After securing a $14 million budget and a distribution deal with Warner Bros for Slumdog Millionaire - which follows an impoverished street urchin who uses his romantic yearnings and a reservoir of arcane cultural savvy to go the distance in India's version of Who Wants to Be a Millionaire? - Boyle did not set out to cast a troupe of nonprofessional child actors.
Or, for that matter, to shoot the first third of the movie in Hindi.
But when Boyle arrived in Mumbai, India, where the romantic drama is set, and began to interview trained actors for the key roles of two orphaned brothers and a young girl from the city's poorest precinct, he found a certain physical verisimilitude lacking.
"In the morning, we'd be auditioning these middle-class kids who are fast-food eaters," Boyle said.
"And in the afternoon, we'd be going around the slums looking at locations. I'd be looking at the real kids. And they'd be completely physically different. The expression in Britain is 'wick'. They're wiry and quick. Alert. Alive. Survivors."
In addition to hiring local "fixers" in a number of smaller parts - and having Freida Pinto, a former model with no previous acting experience, as Slumdog's adult female lead - the director decided to cast real street children (three 7-year-olds and two 12-year-olds) in the protagonist roles.
Which led to further complications.
"The casting director, said, 'Seven-year-olds don't speak English'," Boyle recalled.
"A lot of the slum kids don't go to school."
The script was translated into Hindi and shooting commenced.

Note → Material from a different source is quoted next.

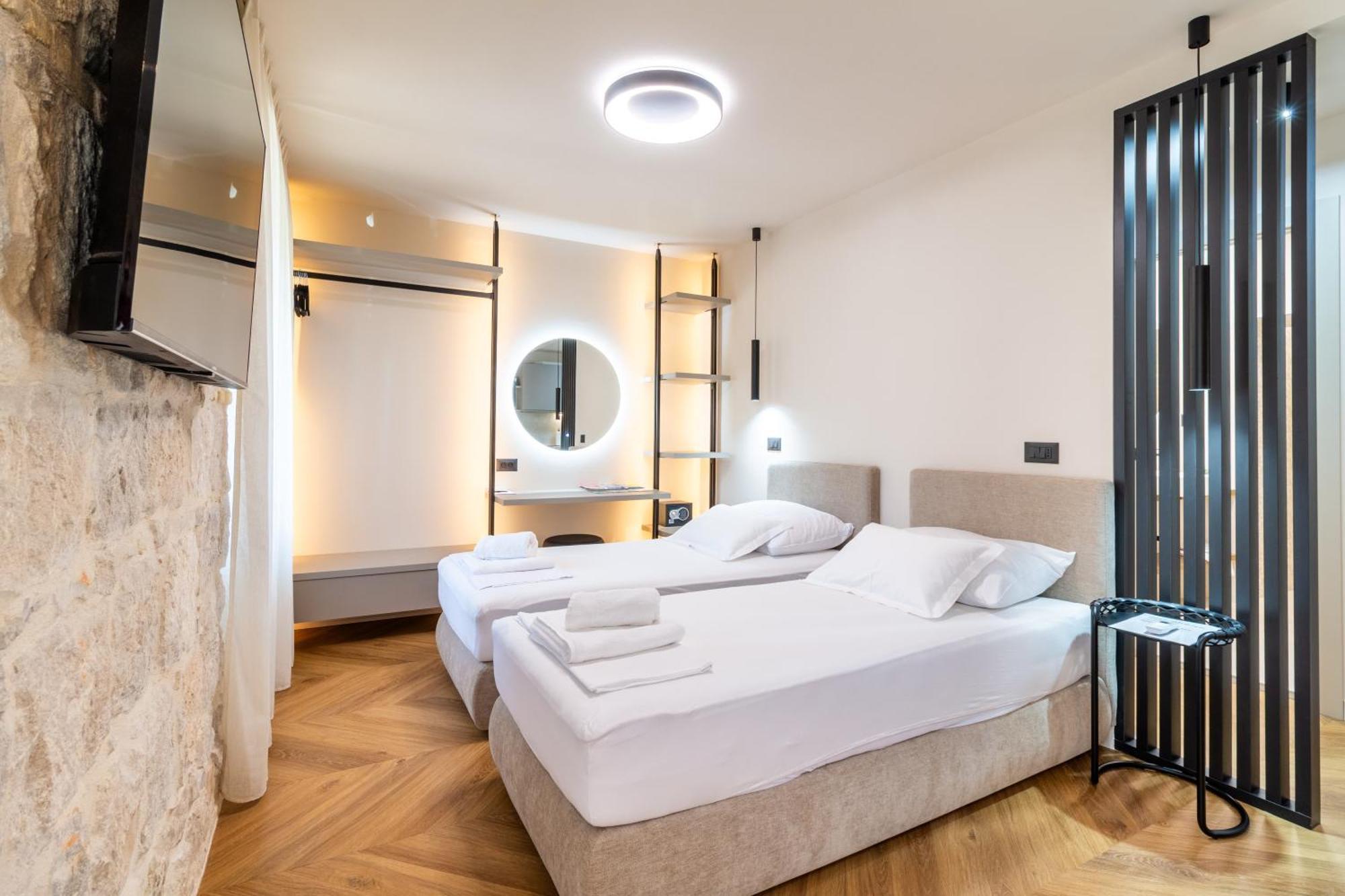 Apartment Centre In Stone House Split Bagian luar foto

But the studio was less than overjoyed at Boyle's switch.
"Imagine it from a distributor's point of view," the director said.
"'It's going to be unwatchable! You're not going to be able to understand what anybody's saying!' But when you're there, it becomes all about the realism."
For Australia, to cast the central character Nullah, Luhrmann had casting directors scour the continent; he explained that there is no child casting agency that represents Aboriginal children in Australia.
The director travelled to 30 impoverished Aboriginal enclaves to audition children.
And after deciding upon Brandon Walters, Luhrmann went on an 11-day hunting expedition with the boy's father to persuade Walters' family that his intentions were honourable.
In dealing with novice actors, though, film-makers are bound to bump up against a certain lack of polish.
Like when the person you want to hire has no clue about who you are.
Discovered at a swimming pool in far-flung northwestern Australia, Walters was oblivious about his director and had co-star Nicole Kidman's stock-in-trade all wrong.
Asked if he knew who Luhrmann was before filming, Walters said: "Not really. My family told me he did Moulin Rouge and Strictly Ballroom. Nicole, I thought she was a famous pop singer or something."
Luhrmann laughed at the memory.
"At first, he was quite shy. Nicole really helped with the directing of him."
But in the writer-director's view, that guileless quality made Walters perfect for the role.
"He seems majestic, and he is," Luhrmann said.